Naja. Mikroruckler gibts also immernoch. Damit ist die Karte ein totaler Quatsch. Da CF niemals die doppelte Leistung einer Einzelkarte bringt und nur oberhalb von 50 FPS garantiert Mikrorucklerfrei gespielt werden kann. Die Welt hatte große Hoffnung, aber die wurde ordentlich endtäuscht. Wer kauft bitte so nen Mikroruckler ramsch der 420 Watt frisst?

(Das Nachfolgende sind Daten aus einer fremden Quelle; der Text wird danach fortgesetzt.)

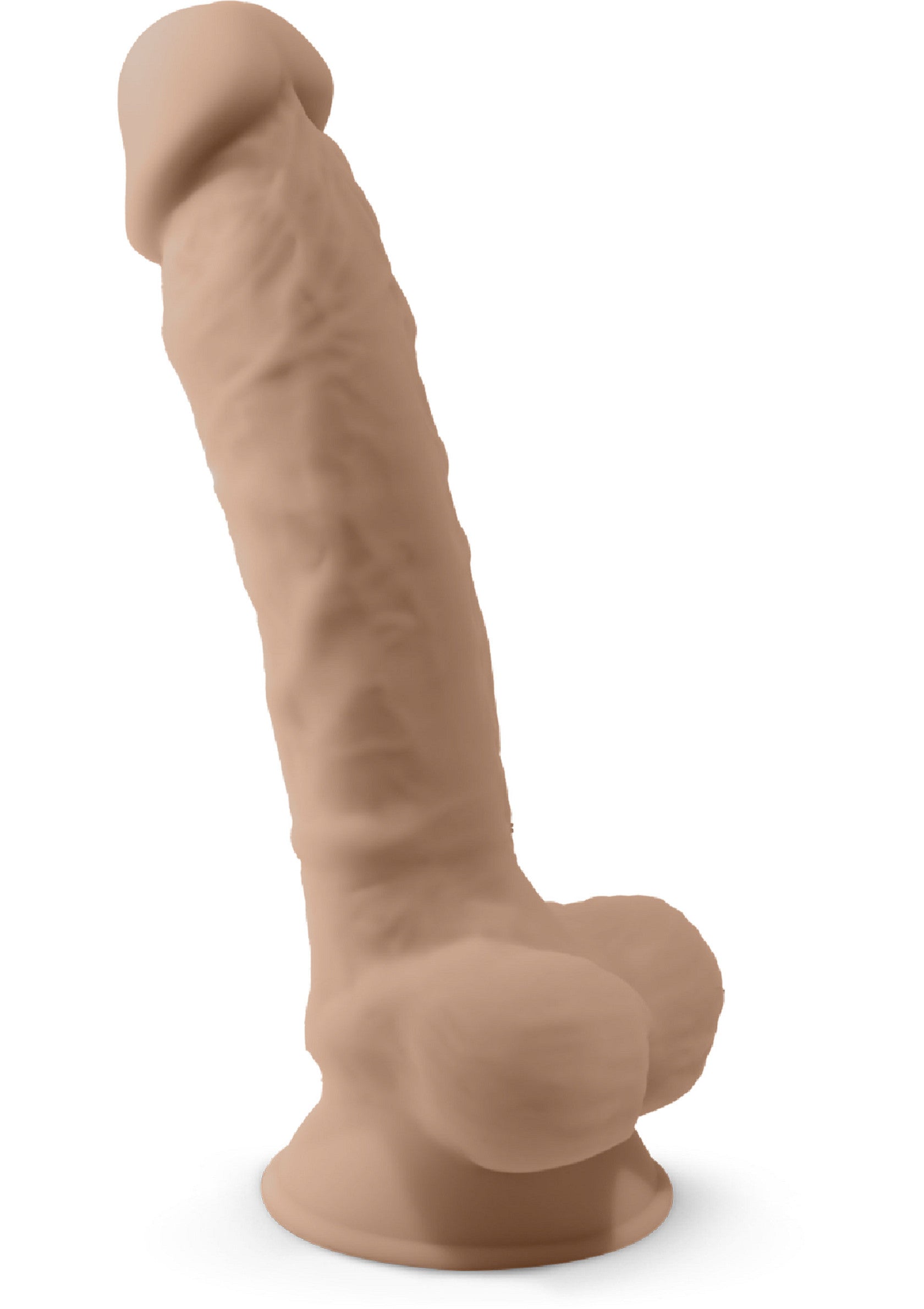 Silex-D Dildo Model 8 Inch SKIN - 2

Mal abgesehen davon, wie siehts mit dem Idle verbrauch der normalen Karten aus (4850,4870)? Hat da der 8.7er was gebracht? Würde mich echt interessieren, hätte gerne ne neue Graka, will aber keinen Stromfresser.


----------



## GoZoU (24. Juli 2008)

Übrigens gibt es bei Aquatuning noch viele weitere Wasserkühler für die Raden HD 4870 und HD 4850.

MfG
GoZoU


----------



## quantenslipstream (24. Juli 2008)

Arrow1982 schrieb:


> Naja. Mikroruckler gibts also immernoch. Damit ist die Karte ein totaler Quatsch. Da CF niemals die doppelte Leistung einer Einzelkarte bringt und nur oberhalb von 50 FPS garantiert Mikrorucklerfrei gespielt werden kann. Die Welt hatte große Hoffnung, aber die wurde ordentlich endtäuscht. Wer kauft bitte so nen Mikroruckler ramsch der 420 Watt frisst?
> 
> Mal abgesehen davon, wie siehts mit dem Idle verbrauch der normalen Karten aus (4850,4870)? Hat da der 8.7er was gebracht? Würde mich echt interessieren, hätte gerne ne neue Graka, will aber keinen Stromfresser.


 
Da schließe ich mich an, solange die Mikrorucklergeschichte nicht gelöst ist, ist eine Dual GPU Karte für mich kein Thema.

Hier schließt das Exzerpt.